Methil Heritage Centre
Methil Heritage Centre is a small local history museum and exhibition venue, situated in the coastal town of Methil in Central Fife. It was originally called The Lower Methil Heritage Centre and was created by members of The Lower Methil Community Association.The idea for a Museum was first looked at by the Community Association in August 1990. Kirkcaldy Museum was approached for advice and their suggestion was a Heritage Centre which could only be sustainable for six months. Premises and funding were the main concerns.
A local architect, who owned the 1936 Post Office building, offered it for rent for a six month period, and this was gratefully accepted. Funding was then secured in small bundles by tapping into various agencies e.g. Levenmouth Local Action, Community Business Fife, Local Council and anyone prepared to give money. The Post Office Building had been empty for a considerable time and needed some cosmetic work done. Friends and families of the Community Association members were recruited and within a few weeks had it ready for occupation. Kirkcaldy Museum kindly loaned artefacts, glass display cases and even their assistant curator to give advice and help set up the displays. Local people loaned or donated items of interest to Lower Methil including many old photographs, and a professional photographer gave his services without charge to copy pictures for display. The Lower Methil Heritage Centre opened on Good Friday 29th March 1991.
A small but dedicated band of volunteers offered their time, and without them this project would not have been possible. Some ladies attended on the same afternoon each week without fail for six months. Others did work on the exhibitions and gave talks on Methil. Everyone involved enjoyed meeting the people who were interested in the history of Lower Methil.The money to fund the Centre initially came through an EU initiated scheme known as the Urban Programme. This scheme essentially offered financial help to areas or communities that were economically depressed and suffering from many of the social problems associated with this.
In 1991,Lower Methil was identified as just such an area and money was provided to help revive the local economy and improve the physical and social environment in which people were living. This money was managed by a genuinely representative group of local people with the support of Fife Council. One of the ideas initiated by the group was to interpret the social and cultural heritage of the area for local people and visitors. So, with the support of Kirkcaldy Museum, a temporary Heritage Centre was set up in the town's old post office building. This project proved to be extremely successful and very popular with local people.This small local museum ran for six months, staffed by dedicated volunteers and was mainly about Lower Methil.
As a result of this success; it was decided to establish a permanent Centre with professional staff. The money was administered by a Trust made up of ordinary local people. Unfortunately, in 1996/97, the Urban Programme was shut down and with it went the principal funding source for the Centre.
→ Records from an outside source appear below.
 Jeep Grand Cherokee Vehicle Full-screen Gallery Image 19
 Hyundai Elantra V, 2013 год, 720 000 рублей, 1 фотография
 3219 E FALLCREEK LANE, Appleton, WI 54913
It was at this point that Fife Council felt that it was a facility worth keeping and took over complete financial and managerial control.
In 1998 the responsibility for funding MHC was taken up by Fife Council and, since that time, the Centre has operated as a full part of Fife Museums Service with its head quarters at Kirkcaldy Museum and Art Gallery. However, from its opening in late 1994 until Fife Council took over, the Centre functioned as an independent museum, supported by but not part of the local authority.
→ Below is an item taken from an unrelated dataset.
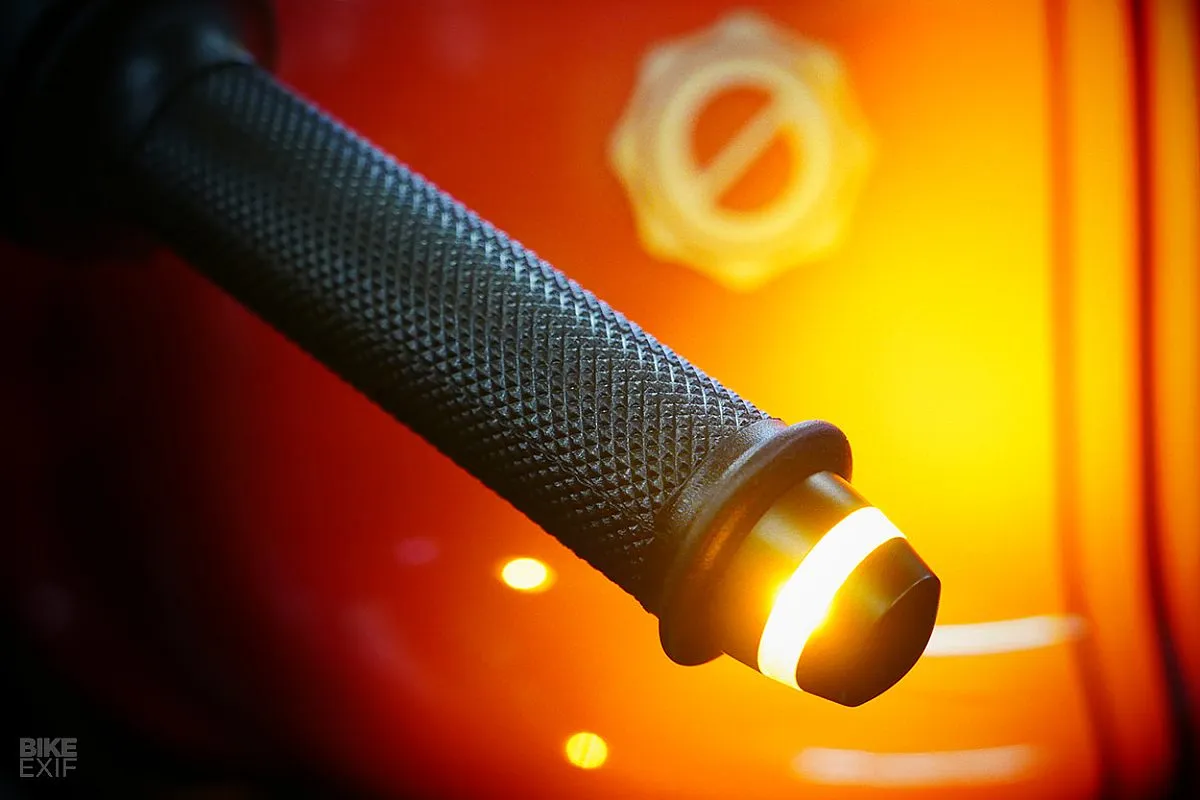 Tacho und Lenker der Kaffeemaschine Moto Guzzi KM22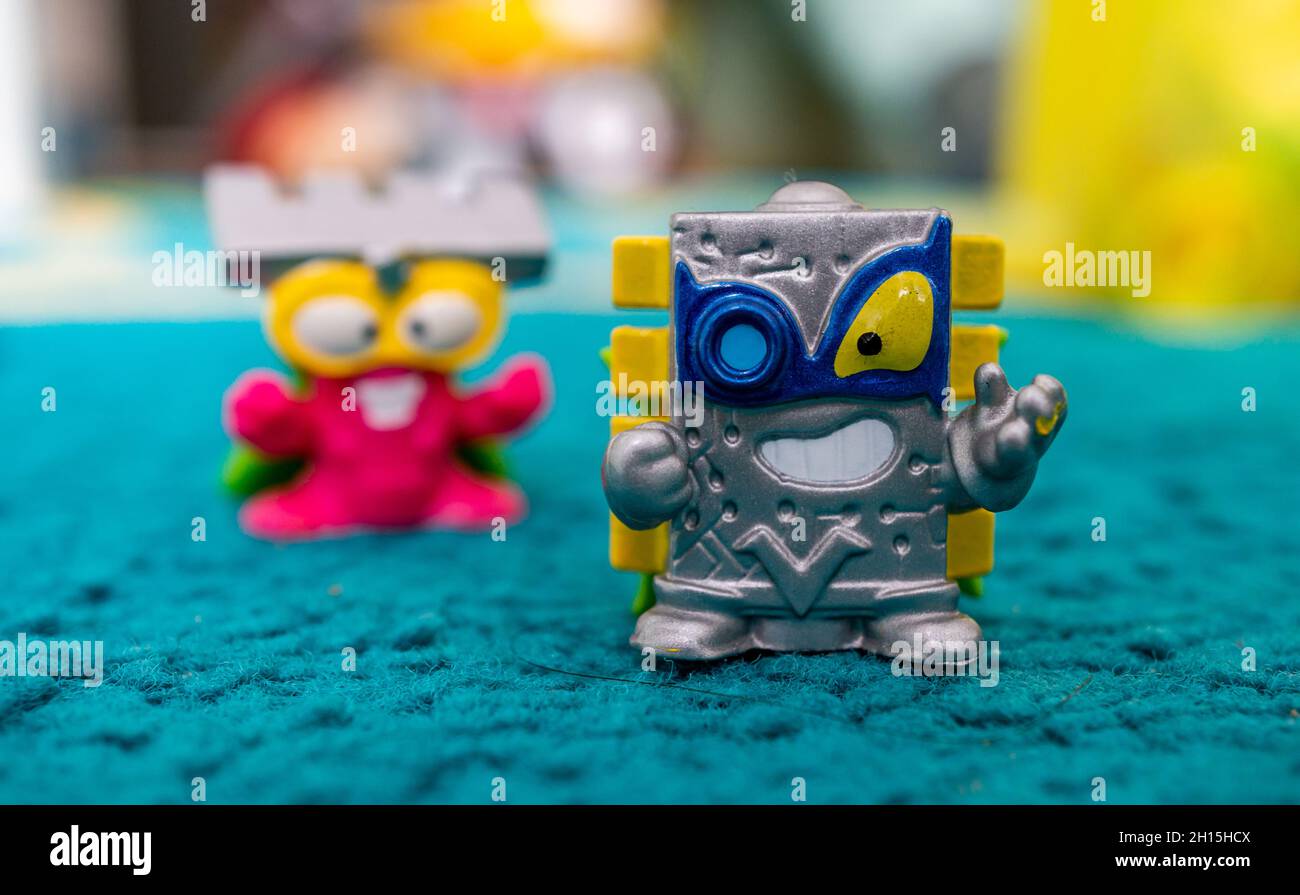 POZNAN, POLEN - 25. Sep 2021: Die 'Magic Box' (Superthings) Spielzeugheld 'Villain' Figur auf blauer Oberfläche Stockfoto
The site of the Methil Heritage Centre in 1900
(Looking from harbour Wynd towards the High Street)
Methil Heritage Centre has earned a reputation for tackling many of the problems associated with social exclusion. The focus for the Centre has always been to provide a service which is genuinely accessible to as wide a range of people as possible, and to include service users in many aspects of the Centre's work. One of the Centre's principal drives has been to encourage the use of the facility by young people in both educational and recreational settings.
As well as interpreting the social and cultural history of the area, an important part of the Centre's work has been to bring examples of cultural experience and creative work from throughout the country to Methil, and make them directly and easily accessible to people throughout the area.
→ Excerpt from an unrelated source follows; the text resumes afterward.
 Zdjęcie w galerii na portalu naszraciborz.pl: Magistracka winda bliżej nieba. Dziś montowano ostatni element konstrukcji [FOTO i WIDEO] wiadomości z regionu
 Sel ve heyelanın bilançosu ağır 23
Formerly the Methil Post office (Built 1936)
The focus on accessibility, coupled with the high professional standards required of any Fife Council museum has also attracted visitors from far and wide. MHC is an important part of the tourist infrastructure in Central Fife and has been awarded 'Commended' status through the STB visitor attraction scheme. Since joining with Fife Council the Centre's role within Fife Museums Service has been developed to include service provision to a larger geographical area, and an increased commitment to developing its arts remit.
The Centre has a small staff of one full time curator and a Heritage Centre assistant. There is also a lively group of volunteers who contribute to many areas of the Centre's work. Annually the Centre receives around 5 - 7000 people through the door.